Algorithm: Binary classifier trained with gradient descent on binary cross-entropy loss. A sigmoid activation squashes the linear output to a probability; predictions are thresholded at 0.5 by default.Dataset: Toy 2D dataset (X = [[1,2],[2,3],[3,4],[4,5]], y = [0,0,1,1]).Key hyperparameters: learning_rate, n_iter, threshold (prediction cut-off, adjustable at inference time).

Overview
Code

_sigmoid(z) = 1 / (1 + exp(-z)). Gradients follow the same form as linear regression because the cross-entropy gradient simplifies to (ŷ - y). get_probabilities exposes raw sigmoid outputs; predict applies the threshold.

class LogisticRegression:
    def __init__(self, learning_rate=0.1, n_iter=1000):
        self.bias = None
        self.weights = None
        self.lr = learning_rate
        self.n_iter = n_iter

    def _sigmoid(self, z):
        return 1 / (1 + np.exp(-z))

    def fit(self, X, y):
        m, n = X.shape
        self.bias = 0
        self.weights = np.zeros(n)

        for i in range(self.n_iter):
            z = self.bias + np.dot(X, self.weights)
            y_pred = self._sigmoid(z)
            db = (1/m) * np.sum(y_pred - y)
            dw = (1/m) * np.dot(X.T, (y_pred - y))
            self.bias -= self.lr * db
            self.weights -= self.lr * dw

    def get_probabilities(self, X):
        z = self.bias + np.dot(X, self.weights)
        return self._sigmoid(z)

    def predict(self, X, threshold=0.5):
        probabilities = self.get_probabilities(X)
        return (probabilities >= threshold).astype(int)

Naive Bayes

Algorithm: Gaussian Naive Bayes.
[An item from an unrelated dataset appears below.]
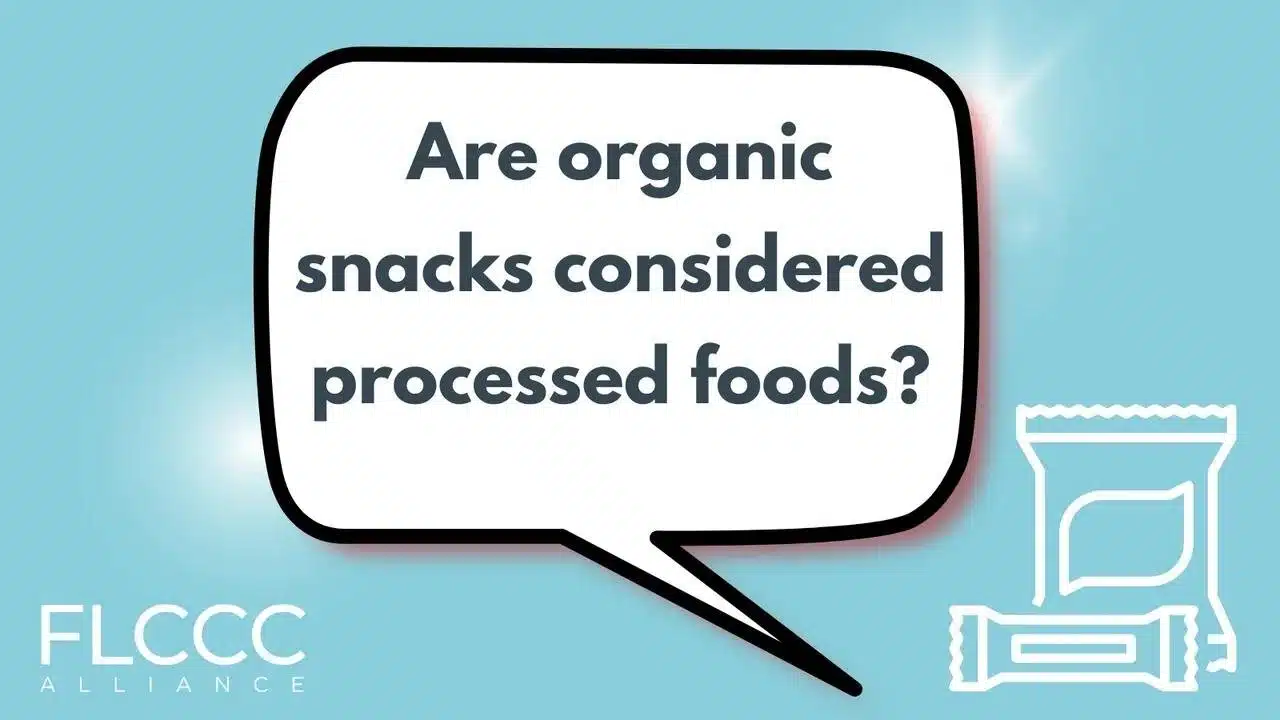 Question: Are-organic-snacks-considered-processed-food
During fit, the prior probability, per-feature mean, and per-feature variance are computed for each class. At prediction time, the log posterior is computed as log P(y) + sum log P(x_i | y) using the Gaussian PDF, and the class with the highest score wins.Dataset: Iris via sklearn.datasets.load_iris (80/20 train-test split).Key hyperparameters: None — the model is fully determined by the training data. A small constant (1e-9) is added to variances to prevent division by zero.

Overview
Code

Working in log space (_log_likelihood) avoids numeric underflow from multiplying many small probabilities. The Gaussian log-likelihood for feature i under class c is -0.5 * (log(2πv) + (x-m)²/v). Summing over features exploits the conditional independence assumption.

class GaussianNB:
    def fit(self, X, y):
        self.classes = np.unique(y)
        self.priors, self.means, self.vars = {}, {}, {}
        for c in self.classes:
            Xc = X[y == c]
            self.priors[c] = len(Xc) / len(y)
            self.means[c]  = Xc.mean(axis=0)
            self.vars[c]   = Xc.var(axis=0) + 1e-9   # avoid /0

    def _log_likelihood(self, x, c):
        m, v = self.means[c], self.vars[c]
        return -0.5 * np.sum(np.log(2*np.pi*v) + (x-m)**2/v)

    def predict(self, X):
        preds = []
        for x in X:
            scores = {c: np.log(self.priors[c]) + self._log_likelihood(x, c)
                      for c in self.classes}
            preds.append(max(scores, key=scores.get))
        return np.array(preds)

Neural Network

Algorithm: Two-layer feedforward network: Input → Hidden (ReLU) → Output (Softmax). Trained with mini-batch gradient descent and cross-entropy loss. Weights are initialised with Xavier initialisation.Dataset: Digits dataset via sklearn.datasets.load_digits (1797 samples, 64 features, 10 classes).Key hyperparameters: hidden_dim, lr (learning rate), epochs, batch_size.

Overview
Code

forward computes Z1→A1 (ReLU) → Z2→A2 (Softmax). backward derives gradients analytically: dZ2 = A2 - y_true (softmax + cross-entropy simplification), then chain rule back through the hidden layer via relu_grad. fit shuffles indices each epoch for stochastic mini-batching.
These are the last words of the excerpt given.